Q: How would you explain people’s need to be different than others?
A: Well, simply, people see themselves not only as members of certain groups, but also as individuals more or less. And if a person wants to mark their place in the world, they often do that in relation to others, especially when who they are comes less from themselves, from their own personality, and they define themselves more in relation to other, the way others see them. The need to be different can come out of disagreeing with others, actions of others, and then they simply want nothing to do with it. It can also… It’s also connected with the positive affirmation of self, to simply know that they’re valuable per se and the way they are.
Q: And people’s need to belong to something, someone?
A: Well, I think, how did they put it… A man, in order to live alone, has to be either God or an animal. In a sense that people need a collective too, whether because they need the closeness of others and interaction with them… OK, some rare examples don’t need it at all, and it depends who needs it to what extent. For some one other person is enough. But if they want to leave a trace in their surroundings, in their world, for example, or at least influence it, they often can’t do that alone. In order to achieve their interests and the interests of others, they need a collective. Besides, that feeling of belonging contributes to the feeling that you’re in a place, in that specific space, and of some kind of protection. Starting with the primal, family, to society or even the world as the human collective.

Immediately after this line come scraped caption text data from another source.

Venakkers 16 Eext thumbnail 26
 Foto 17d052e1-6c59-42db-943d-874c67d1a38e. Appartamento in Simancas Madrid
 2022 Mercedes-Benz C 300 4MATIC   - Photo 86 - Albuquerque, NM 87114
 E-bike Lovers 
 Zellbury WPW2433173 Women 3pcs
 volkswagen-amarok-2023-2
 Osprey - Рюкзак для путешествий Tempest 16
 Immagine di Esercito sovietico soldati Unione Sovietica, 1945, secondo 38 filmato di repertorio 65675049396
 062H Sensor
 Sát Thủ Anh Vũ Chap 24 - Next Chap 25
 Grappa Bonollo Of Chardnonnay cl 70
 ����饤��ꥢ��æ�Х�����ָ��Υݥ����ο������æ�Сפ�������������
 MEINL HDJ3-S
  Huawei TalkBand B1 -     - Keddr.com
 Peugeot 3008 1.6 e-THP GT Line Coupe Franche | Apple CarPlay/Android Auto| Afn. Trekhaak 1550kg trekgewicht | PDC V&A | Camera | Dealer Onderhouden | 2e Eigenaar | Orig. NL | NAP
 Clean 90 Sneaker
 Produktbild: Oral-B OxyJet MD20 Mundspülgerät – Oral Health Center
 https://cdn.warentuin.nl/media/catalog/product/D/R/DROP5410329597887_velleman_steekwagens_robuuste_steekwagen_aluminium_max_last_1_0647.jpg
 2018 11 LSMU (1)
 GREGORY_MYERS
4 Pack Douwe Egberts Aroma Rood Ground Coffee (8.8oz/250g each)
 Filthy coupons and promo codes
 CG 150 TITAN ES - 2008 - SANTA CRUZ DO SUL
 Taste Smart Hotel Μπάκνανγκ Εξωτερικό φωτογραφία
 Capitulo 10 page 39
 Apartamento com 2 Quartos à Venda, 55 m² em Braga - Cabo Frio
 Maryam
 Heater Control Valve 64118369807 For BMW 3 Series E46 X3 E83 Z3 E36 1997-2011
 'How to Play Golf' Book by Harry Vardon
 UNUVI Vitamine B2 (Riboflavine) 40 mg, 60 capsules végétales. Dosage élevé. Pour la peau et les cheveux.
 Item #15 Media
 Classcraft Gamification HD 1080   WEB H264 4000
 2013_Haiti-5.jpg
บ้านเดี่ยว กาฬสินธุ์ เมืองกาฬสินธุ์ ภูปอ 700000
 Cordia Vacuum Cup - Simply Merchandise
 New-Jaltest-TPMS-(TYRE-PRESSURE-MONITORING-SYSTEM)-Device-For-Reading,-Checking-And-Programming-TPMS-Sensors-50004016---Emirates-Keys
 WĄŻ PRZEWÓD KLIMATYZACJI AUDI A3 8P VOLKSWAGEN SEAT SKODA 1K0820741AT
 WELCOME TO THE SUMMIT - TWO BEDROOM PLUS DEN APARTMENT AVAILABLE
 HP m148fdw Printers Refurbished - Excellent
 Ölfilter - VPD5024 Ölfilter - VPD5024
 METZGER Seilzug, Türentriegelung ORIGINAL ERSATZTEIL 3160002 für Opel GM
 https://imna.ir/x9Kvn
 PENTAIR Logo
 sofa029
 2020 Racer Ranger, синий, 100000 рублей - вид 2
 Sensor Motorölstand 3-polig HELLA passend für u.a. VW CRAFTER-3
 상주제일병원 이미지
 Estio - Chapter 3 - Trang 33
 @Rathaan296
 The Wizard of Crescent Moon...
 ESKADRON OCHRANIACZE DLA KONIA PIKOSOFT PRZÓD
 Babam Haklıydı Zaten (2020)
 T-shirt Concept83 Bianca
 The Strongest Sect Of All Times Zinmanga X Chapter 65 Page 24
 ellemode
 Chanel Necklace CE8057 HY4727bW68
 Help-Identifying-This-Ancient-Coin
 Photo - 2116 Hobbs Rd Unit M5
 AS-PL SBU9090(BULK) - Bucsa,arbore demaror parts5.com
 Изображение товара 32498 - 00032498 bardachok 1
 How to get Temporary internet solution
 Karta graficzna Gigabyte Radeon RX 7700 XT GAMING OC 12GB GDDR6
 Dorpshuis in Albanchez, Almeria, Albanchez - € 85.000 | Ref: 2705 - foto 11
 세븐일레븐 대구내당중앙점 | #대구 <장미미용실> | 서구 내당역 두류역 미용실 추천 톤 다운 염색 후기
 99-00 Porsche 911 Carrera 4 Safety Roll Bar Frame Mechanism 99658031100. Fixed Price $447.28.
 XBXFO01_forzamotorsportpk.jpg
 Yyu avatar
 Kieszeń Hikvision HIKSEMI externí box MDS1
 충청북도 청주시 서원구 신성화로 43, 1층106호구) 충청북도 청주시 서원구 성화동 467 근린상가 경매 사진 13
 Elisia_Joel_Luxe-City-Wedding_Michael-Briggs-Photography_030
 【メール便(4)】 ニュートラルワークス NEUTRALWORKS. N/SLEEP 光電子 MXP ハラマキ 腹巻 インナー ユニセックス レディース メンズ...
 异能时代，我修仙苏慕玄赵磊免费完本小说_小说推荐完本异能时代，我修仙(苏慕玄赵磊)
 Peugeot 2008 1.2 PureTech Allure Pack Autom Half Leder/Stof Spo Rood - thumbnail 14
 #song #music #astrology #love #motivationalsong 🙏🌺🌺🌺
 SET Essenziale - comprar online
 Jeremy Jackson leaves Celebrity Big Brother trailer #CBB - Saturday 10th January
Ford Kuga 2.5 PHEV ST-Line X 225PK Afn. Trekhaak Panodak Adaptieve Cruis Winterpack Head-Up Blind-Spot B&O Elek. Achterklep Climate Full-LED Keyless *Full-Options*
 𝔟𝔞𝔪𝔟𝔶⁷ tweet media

Q: And what does belonging mean for you?
A: Well, in a way, for me that means being with people with whom I’ve been together… Let’s say starting with primal closeness, with people with whom you build your life and with whose help I am where I am today, up to… It depends on the collective. If my interests are, I don’t know, in music, then I’ll find the people who share those interests and, let’s say, play with them or go to gigs with them, listen to music with them. And with that music comes a certain system of values, especially in the case of different youth and music subcultures. And then that’s one part of it. The other part, when it comes to volunteering let’s say, when all kinds of problems emerge or a simple need to do something, then that of course brings together people with same goals and they simply work on that. And, of course, it goes all the way to the personal choice of friends.
Q: Did you ever encounter problems with belonging to Temerin and this area you live in, with belonging to this space, place?
A: In what sense?
Q: In any sense you had them, if you ever had them. It depends.
A: Well, yes, I’ve encountered different problems because of belonging to different groups, whether it was a matter of personal choice or the circumstances. I mean, since on one hand I’m a member of a national minority, then there are members of the majority who don’t like that, for example, and who have expressed that discontent either towards me or towards others and I’ve heard about it. Then, let’s say, belonging to a certain subculture. When I expressed more that I’m, I don’t know, metalhead for example, when I was a meatlhead. Then they made me to be an occultist and junky and all kinds of things they connect to that. And, on the other hand, I think that the most common problem is lack of understanding. I mean, no matter what you belong to or what you do, the main problem is the lack of understanding and, of course, when people don’t understand what you do, how you do it, how you look, think and so on. A lot of people don’t want to understand that, and instead they reject it. And then it’s best to try to bring it closer to them somehow, to try to explain and then they don’t have to like it, but I believe they can accept or something like ‘OK, that’s that’.
Q: And could you compare those two different approaches to not understanding you as an individual, as a member of national minority and as someone who belongs to a group that listens certain kind of music? Could you draw a parallel between those two kinds of not belonging and belonging in the same time?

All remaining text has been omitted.